Tartakovsky confronte ses personnages à la notion d’évolution et développe une dualité intéressante entre sauvagerie et civilisation. Le personnage de Spear a ceci de fascinant qu’il passe de scènes très attachantes dans lesquelles le spectateur éprouve de l’empathie à son égard, à des scènes d’une violence sans limite, où Spear nous apparaît comme une bête sauvage dénuée d’humanité. Le réalisateur arrive à maintenir une coexistence de ces deux facettes. L’homme des cavernes est capable d’avoir un regard presque poétique sur le monde qui l’entoure mais la nature de ce monde le pousse aussi à faire preuve d’une férocité implacable dans l’unique but de survivre. Malgré l’abondance de violence graphique très crue, l’œuvre ne laisse jamais sa singularité se noyer dans le sang. L’intérêt du spectateur est maintenu bien au-delà du plaisir cathartique éprouvé dans les scènes de combat magistralement animées, grâce au réel attachement que l’on éprouve pour ce duo étrange, malgré son recours régulier à l’extrême violence.

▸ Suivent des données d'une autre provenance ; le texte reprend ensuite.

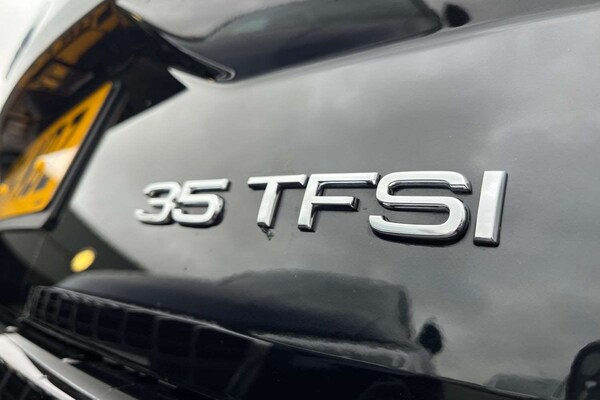 Used Audi Q2 2024 for sale - 76141944: Photo 29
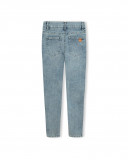 Long pants max soul adventurer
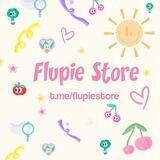archive flupiestore
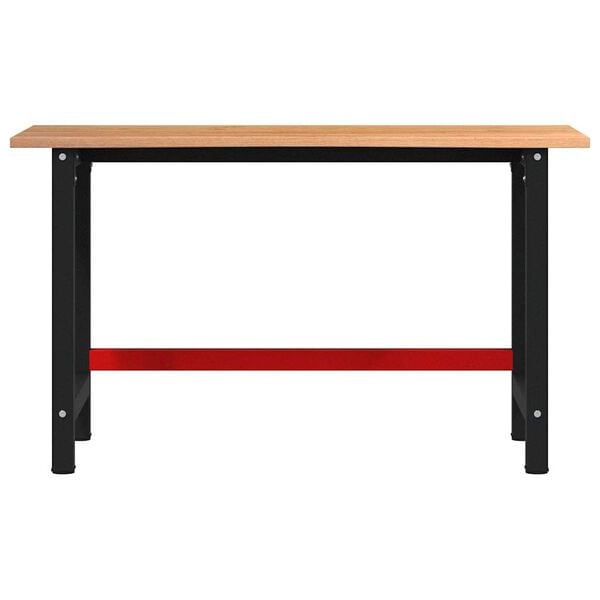 Showing Product Image 4 of 11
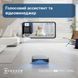 Робот-пилосос Ecovacs Deebot Ozmo X5 Pro Omni (DDX39) Black (X5PRO OMNI DDX39 BL) [610513], фото 24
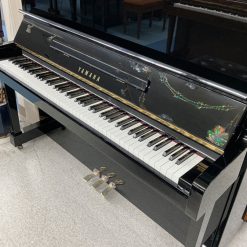 Đàn piano Yamaha YM10SXGZ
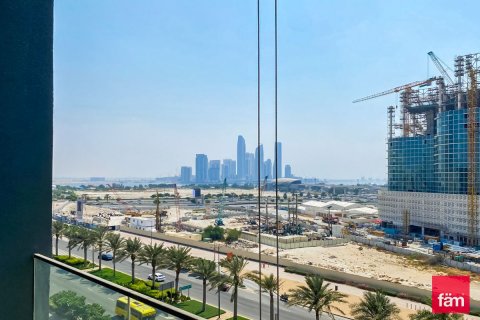 Al Jaddaf, Dubai, BAE’de satılık daire 2 yatak odası, 64.7 m&sup2; No 710087 - fotoğraf 12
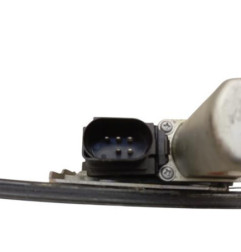 Leve vitre electrique arriere droit BMW SERIE 1 E87 Photo n°3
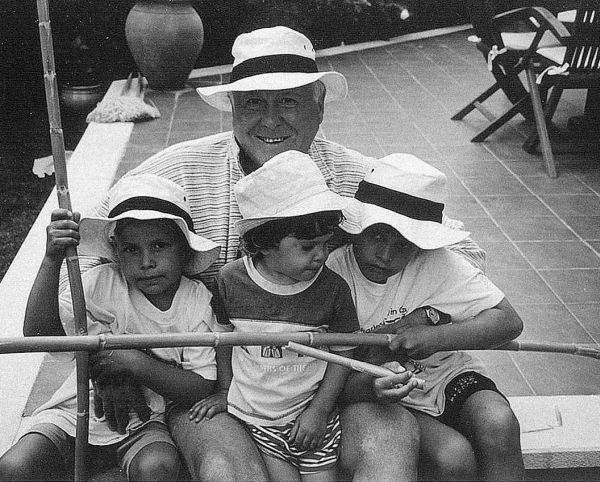 Иллюстрация к книге — Вариант шедевра [i_022.jpg]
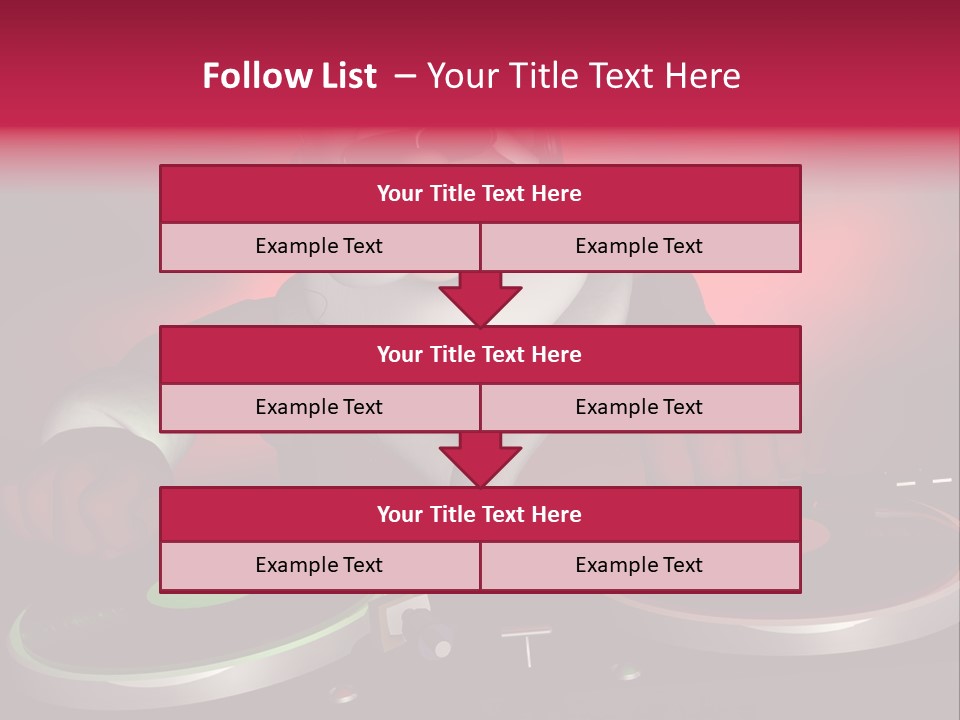 Close Up View Of A Brown Bear Catching Salmon PowerPoint Template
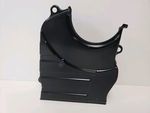 1356058S00 - : JDM Nissan R32 R33 R34 GTR GTST GTS-4 Lower Timing Belt Cover for Nismo Image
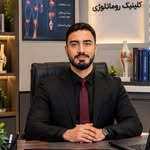 علی شهریاری | افزایش قد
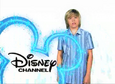 Dylan Sprouse (The Suite Life on Deck) (short version) (2008-2010)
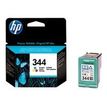0829160799292-HP 344 - 3 couleurs - cartouche d'encre originale (C9363EE)-P_109363_3-1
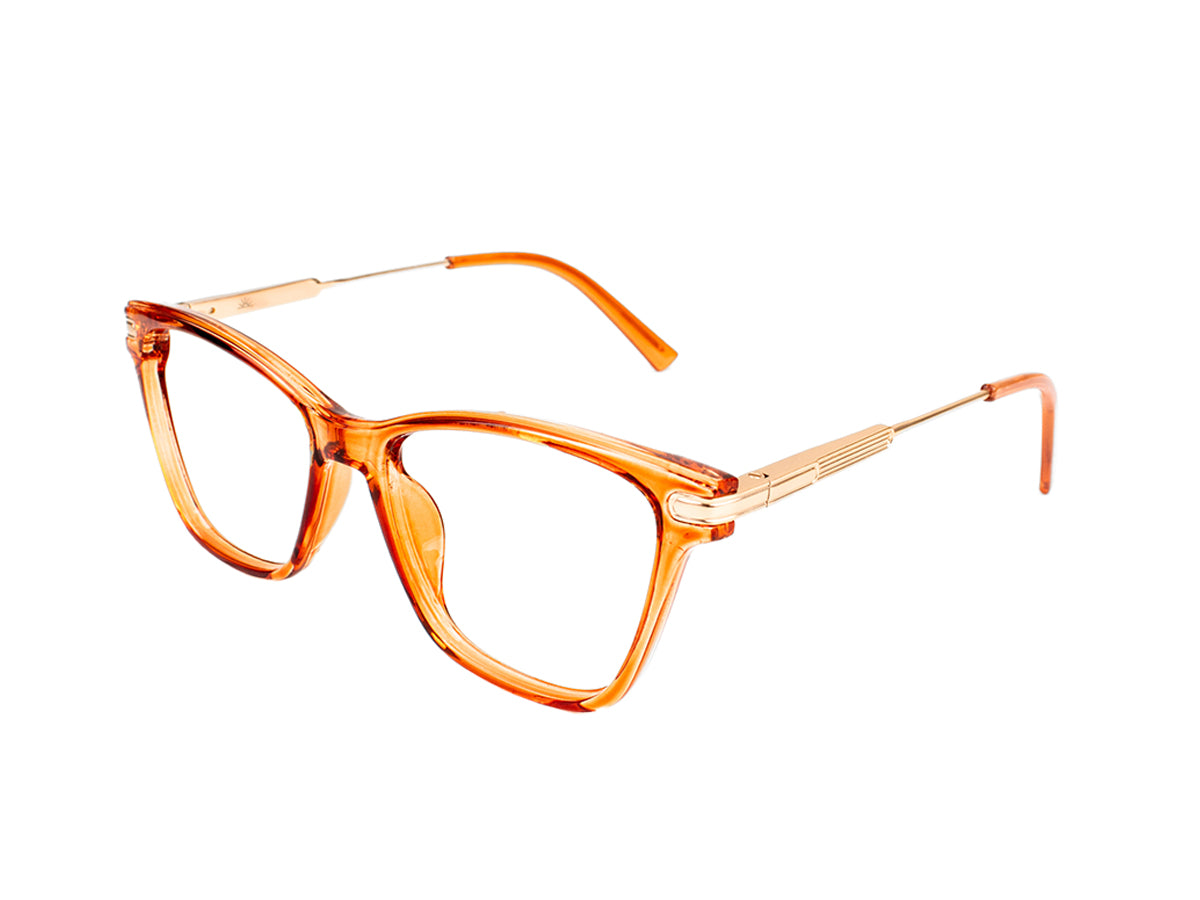 Optical TRM9133
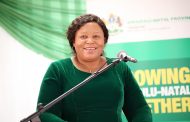 KZN Transport MEC to hand over bicycles to needy learners in Vryheid in the Zululand District.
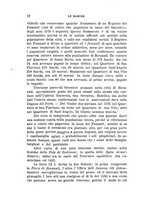 giornale/UM10012780/1905/unico/00000018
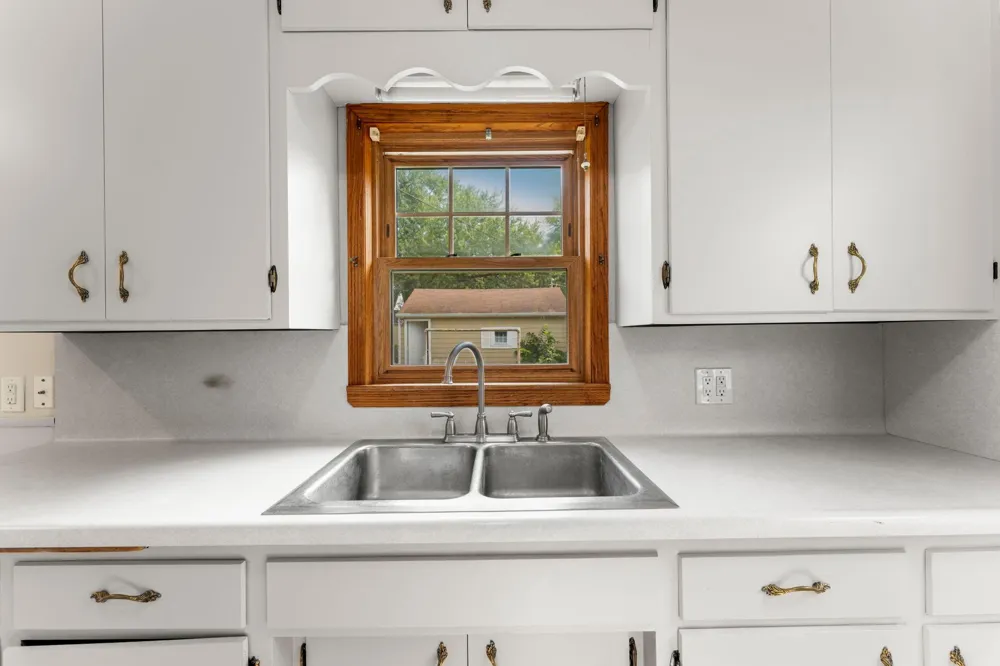 2849 Jersey Avenue S Saint Louis Park, MN 55426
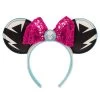 Disney Ghost-Spider Ear Headband For Adults -Tiny World Shop 4503055215917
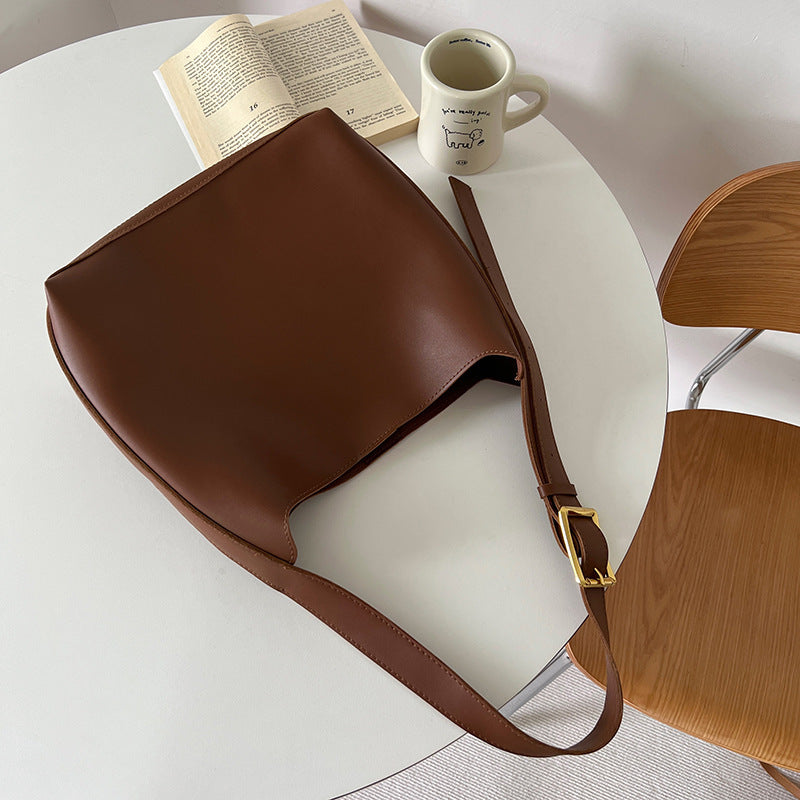 ML Shoulder Bag Kim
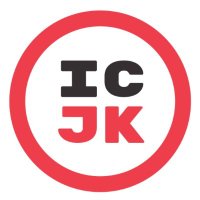 INVESTIGATÍVNE CENTRUM JÁNA KUCIAKA (@icjk_sk) 's Twitter Profile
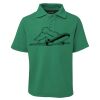 JB's Kids 210 Polo Thumbnail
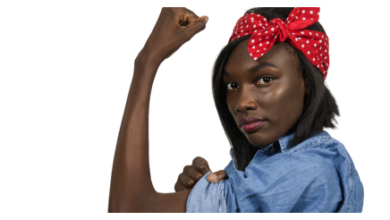 10 Great Books About People Who Overcame the Odds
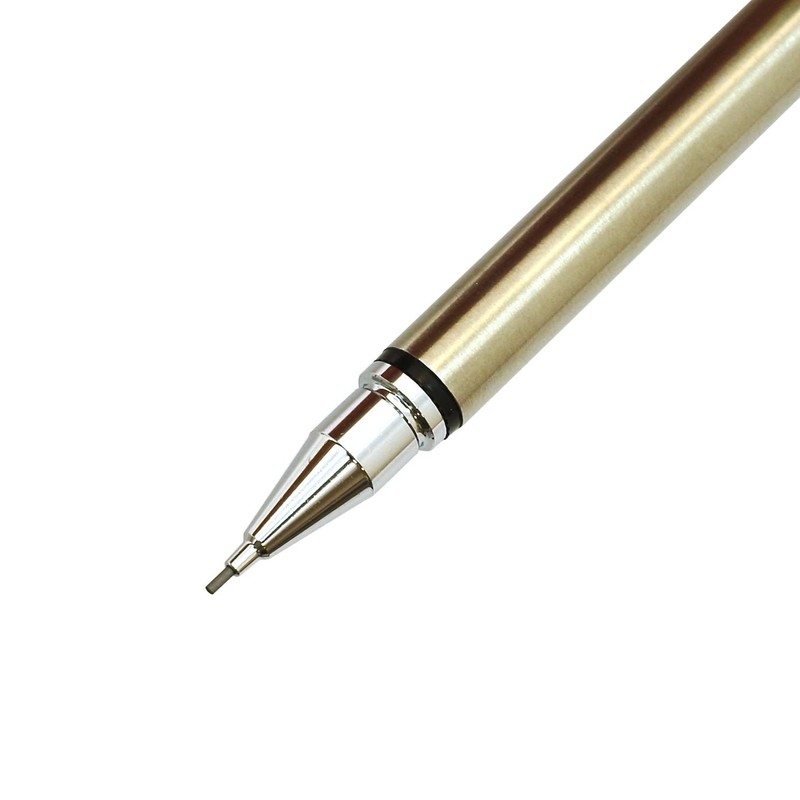 Pilot Birdy Switch 0.7 mm Ballpoint Pen and 0.5 mm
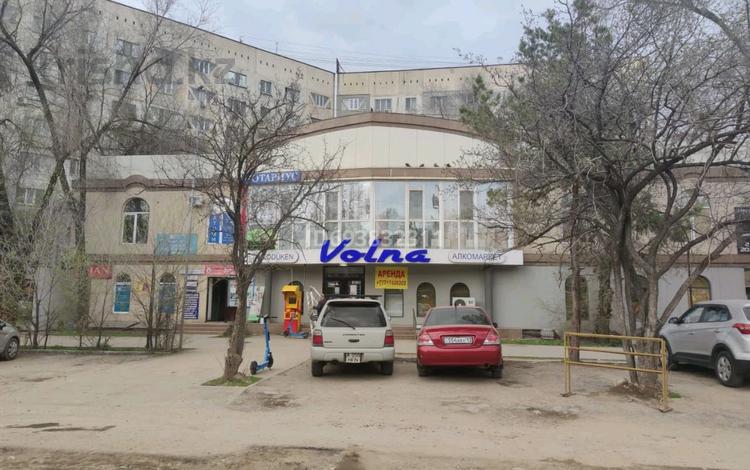 Свободное назначение • 850 м² за 5.2 млн 〒 в Алматы, Ауэзовский р-н — фото 2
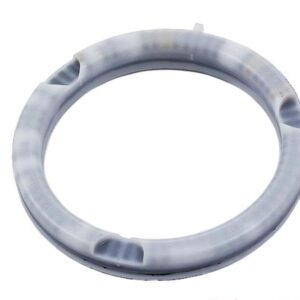 lmr Rullager/ fjäderbenslagret Audi 100, A6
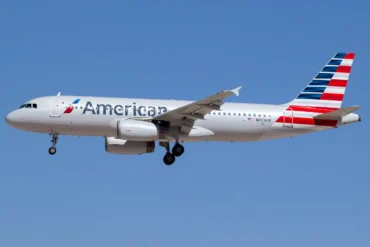 Inside the Airbus A320 Software Crisis: How American Airlines Averted a Holiday Travel Meltdown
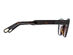 Chloe Women Tortoise Acetate Sunglasses CE760S-219 (Store-Display Model)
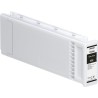 Epson T8008 - 700 ml - mattschwarz - original - Tintenpatrone - für SureColor SC-P10000 (C13T80080N)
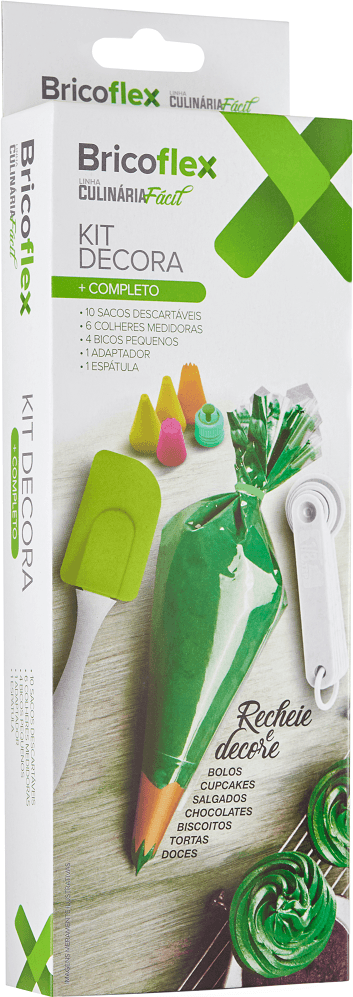 KITDECO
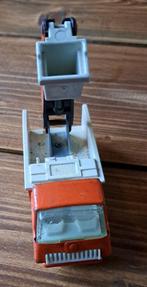 Tonka mini Bucket Lift Truck 811799-A, Antiek en Kunst, Ophalen of Verzenden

L’animation a ceci de prodigieux qu’elle permet une déformation assez importante de la réalité sans pour autant amoindrir la crédibilité du récit. Il nous semble tout à fait logique d’assister aux capacités surhumaines du personnage de Spear, capable de tuer trois T-Rex à lui tout seul, de venir à bout d’une horde de chauves-souris géantes ou de mettre K.O. un gorille en combat singulier. Le personnage emprunte ici à l’imaginaire commun de l’homme sauvage, mêlé au fantasme de l’homme des cavernes plus fort et supérieur physiquement à l’humain évolué. Le motif de la lutte naturelle entre humain et animal est quelque chose qui a déjà été exploré par l’écrivain américain Edgar Rice Burroughs, le créateur de Tarzan, l’homme sauvage le plus célèbre de la pop-culture. Le premier roman de l’Homme Singe est publié en 1912, et dès cette époque, Burroughs qui baigne dans la pensée colonialiste et raciste du début du XXe siècle, imagine une sorte d’idéal masculin qui combinerait la pseudo-supériorité blanche et éduquée de la civilisation avec les capacités physiques surhumaines issues de la sauvagerie. A sa création, Tarzan reflète donc cet idéal raciste et complètement dépassé aujourd’hui d’un possible gentleman anglais séduisant doublé d’un homme sauvage au sommet de la chaîne alimentaire et capable de venir à bout des plus terribles prédateurs. Lorsque l’on compare Spear à Tarzan, son ancêtre culturel, on se rend compte que Tartakovsky a fabriqué une sorte de surhomme sauvage crépusculaire. Là où Tarzan ne possède que des qualités (intelligence, beauté, force), Spear apparaît comme un penchant de l’homme sauvage plus sombre, plus crédible et plus en phase avec notre époque. Le personnage met en avant le prix à payer pour être l’archétype idéal du survivant : perdre à chaque tuerie un peu de son humanité et être condamné à la solitude et à l’errance. Ça n’est pas anodin que le seul ami de Spear soit un T-Rex, c’est-à-dire un autre exemple de super prédateur, plus enclin à inspirer la peur que la sympathie.

C’est là toute la subtilité de ces deux personnages et donc la force de Primal. Bien loin de faire étalage d’une succession de scènes d’actions spectaculairement violentes, la série raconte la chute lente du dernier véritable homme sauvage et de son compagnon saurien. Dans un monde préhistorique régi par les lois naturelles de la proie et du prédateur, les personnages sont privés de choix et contraints à l’ultime recours de la violence pour survivre. En portant le poids de son extinction sur les épaules, c’est en survivant au prix de son humanité que l’homme sauvage prouve une dernière fois la valeur de son existence.